Entries shown START

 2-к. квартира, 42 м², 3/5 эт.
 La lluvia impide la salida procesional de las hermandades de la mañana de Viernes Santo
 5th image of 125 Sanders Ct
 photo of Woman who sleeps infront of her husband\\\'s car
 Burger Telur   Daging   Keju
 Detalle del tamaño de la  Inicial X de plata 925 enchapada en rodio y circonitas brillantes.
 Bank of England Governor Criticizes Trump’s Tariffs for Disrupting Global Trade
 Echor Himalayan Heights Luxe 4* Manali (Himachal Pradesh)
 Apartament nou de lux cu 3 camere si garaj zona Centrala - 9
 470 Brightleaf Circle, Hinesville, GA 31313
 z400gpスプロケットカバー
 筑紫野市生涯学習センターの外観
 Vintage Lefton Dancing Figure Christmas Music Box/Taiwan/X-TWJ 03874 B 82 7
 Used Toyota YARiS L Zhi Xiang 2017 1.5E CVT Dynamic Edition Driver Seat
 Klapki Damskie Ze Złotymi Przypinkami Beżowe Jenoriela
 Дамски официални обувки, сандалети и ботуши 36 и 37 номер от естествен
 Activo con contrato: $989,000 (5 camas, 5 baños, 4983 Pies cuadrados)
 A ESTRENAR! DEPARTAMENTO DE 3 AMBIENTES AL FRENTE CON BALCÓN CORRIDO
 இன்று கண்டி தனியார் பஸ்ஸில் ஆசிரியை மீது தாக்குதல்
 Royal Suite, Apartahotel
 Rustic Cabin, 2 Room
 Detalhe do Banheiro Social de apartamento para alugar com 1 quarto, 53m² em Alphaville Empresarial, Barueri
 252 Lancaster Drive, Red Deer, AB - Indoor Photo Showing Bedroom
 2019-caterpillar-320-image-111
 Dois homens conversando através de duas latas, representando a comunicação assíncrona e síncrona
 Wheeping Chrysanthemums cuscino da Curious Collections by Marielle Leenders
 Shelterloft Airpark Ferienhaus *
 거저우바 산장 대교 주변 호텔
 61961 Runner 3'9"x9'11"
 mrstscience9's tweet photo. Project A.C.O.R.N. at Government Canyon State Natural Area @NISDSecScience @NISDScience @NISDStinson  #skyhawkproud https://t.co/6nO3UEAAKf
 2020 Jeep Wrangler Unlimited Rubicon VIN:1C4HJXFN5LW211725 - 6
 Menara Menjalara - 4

Entries shown END

● Problem statement
Return the full data, every line of it, with nothing altered.

● Solution for this exercise
 2-к. квартира, 42 м², 3/5 эт.
 La lluvia impide la salida procesional de las hermandades de la mañana de Viernes Santo
 5th image of 125 Sanders Ct
 photo of Woman who sleeps infront of her husband\\\'s car
 Burger Telur   Daging   Keju
 Detalle del tamaño de la  Inicial X de plata 925 enchapada en rodio y circonitas brillantes.
 Bank of England Governor Criticizes Trump’s Tariffs for Disrupting Global Trade
 Echor Himalayan Heights Luxe 4* Manali (Himachal Pradesh)
 Apartament nou de lux cu 3 camere si garaj zona Centrala - 9
 470 Brightleaf Circle, Hinesville, GA 31313
 z400gpスプロケットカバー
 筑紫野市生涯学習センターの外観
 Vintage Lefton Dancing Figure Christmas Music Box/Taiwan/X-TWJ 03874 B 82 7
 Used Toyota YARiS L Zhi Xiang 2017 1.5E CVT Dynamic Edition Driver Seat
 Klapki Damskie Ze Złotymi Przypinkami Beżowe Jenoriela
 Дамски официални обувки, сандалети и ботуши 36 и 37 номер от естествен
 Activo con contrato: $989,000 (5 camas, 5 baños, 4983 Pies cuadrados)
 A ESTRENAR! DEPARTAMENTO DE 3 AMBIENTES AL FRENTE CON BALCÓN CORRIDO
 இன்று கண்டி தனியார் பஸ்ஸில் ஆசிரியை மீது தாக்குதல்
 Royal Suite, Apartahotel
 Rustic Cabin, 2 Room
 Detalhe do Banheiro Social de apartamento para alugar com 1 quarto, 53m² em Alphaville Empresarial, Barueri
 252 Lancaster Drive, Red Deer, AB - Indoor Photo Showing Bedroom
 2019-caterpillar-320-image-111
 Dois homens conversando através de duas latas, representando a comunicação assíncrona e síncrona
 Wheeping Chrysanthemums cuscino da Curious Collections by Marielle Leenders
 Shelterloft Airpark Ferienhaus *
 거저우바 산장 대교 주변 호텔
 61961 Runner 3'9"x9'11"
 mrstscience9's tweet photo. Project A.C.O.R.N. at Government Canyon State Natural Area @NISDSecScience @NISDScience @NISDStinson  #skyhawkproud https://t.co/6nO3UEAAKf
 2020 Jeep Wrangler Unlimited Rubicon VIN:1C4HJXFN5LW211725 - 6
 Menara Menjalara - 4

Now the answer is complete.